Now, I can already hear the cries of you critics: “The way YOU framed the issue is what is disingenuous.  People who do not buy health insurance enter into the stream of interstate commerce by purchasing all manner of over-the-counter medical products, doctor and hospital services at the point of consumption, and often times need emergency room care. They substitute these activities for paying premiums to health insurance companies. All these activities are economic, and they have a cumulative effect on interstate commerce in a manner similar to Wickard and Raich.  Thus, not buying health insurance really is an economic activity within the scope of permissible Commerce Clause regulation.”

Despite the fact that our hypothetical critic is correct about the cumulate interstate effect of such activities, the individual mandate does not attach to any such activities. Perhaps it’s the case that individuals who do not purchase health insurance are more likely to purchase the listed products and services, but the individual mandate does not directly regulate such economic transactions at all.  The mandate is not an excise tax on the purchase of over-the-counter medical products; it is not a consumption tax triggered when an uninsured person enters a doctor’s office or is brought to an emergency room by ambulance. Congress could very well have directly taxed such activities, and it would have been constitutional according to the “non-attenuated, economic-in-nature” standard set by contemporary Commerce Clause jurisprudence. The problem with such measures, however, was both political and economic.  Politically, the Democratic Party wanted to avoid the PR consequences of being perceived as hiking taxes so drastically; economically, they wanted to be capable of accruing sufficient revenue to provide health insurance coverage for millions more Americans, and all such “trigger-taxes” would have accomplished is the deterrence of the public consumption of medical products and services in a way that would have left the insurance of millions severely underfunded, and the medical industry reeling from lost profits.

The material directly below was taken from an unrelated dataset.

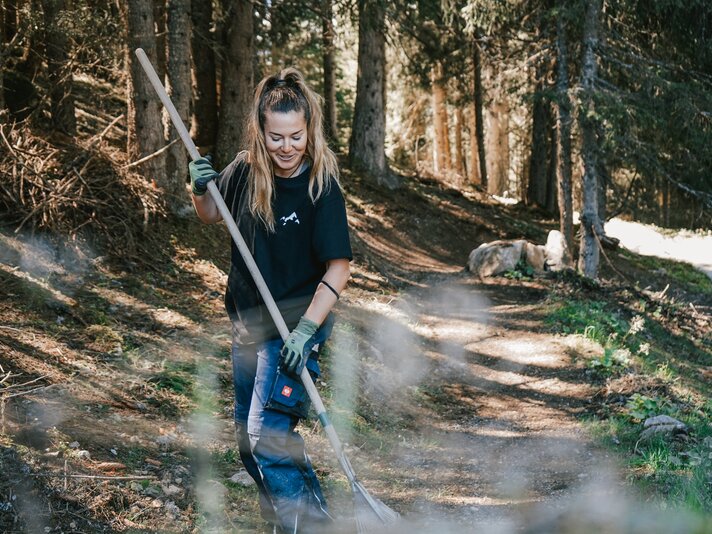 Menschen bereiten die Trails für den Trailpark Hochjoch für den Sommer vor. | ©  Silvretta Montafon - Vanessa Strauch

Thus, while there are ways that Congress could have regulated the intrastate healthcare industry that is within Congress’ Commerce Clause authority, the individual mandate is not one of them.  Were the Supreme Court to recognize the authority of Congress to pass the individual mandate, it would all but eviscerate any meaningful limitations on the Congress’ Commerce Clause powers.  It would open the door to not only the compelled purchasing of anything that Congress deems reasonable to promote interstate commerce (like the purchase of a car from one of the new U.S. owned companies), but the compelled compliance of citizens to engage in any non-economic activity which Congress determines has an effect on interstate commerce.  To illustrate, it’s not just the purchase or non-purchase of health insurance which has an economic effect on the interstate healthcare economy: all manner of lifestyle choices go into the frequency with which the average American needs medical care.  But if Congress has the Commerce Clause authority to compel Americans to buy health insurance because of the effect of its non-purchase on the interstate healthcare market, it seems that it must also have the Commerce Clause authority to compel Americans to regularly exercise because of the effect of the failure of certain Americans to regularly exercise on the interstate healthcare market.  While the implementation of a “comprehensive exercise regime” may present certain practical difficulties that the individual mandate does not, the important point is that there is no clear principled difference in the rationale behind the two measures—and as already mentioned, both run afoul of the express limitations articulated by the Supreme Court in Lopez, Morrison, and Raich.

If you think that these musings are a bit extreme, I ask you to articulate the constitutional limitations once merely existing gives Congress the authority to compel individuals to enter into contracts with third parties—I can tell you, whatever you may come up with is not the standard set by the Supreme Court.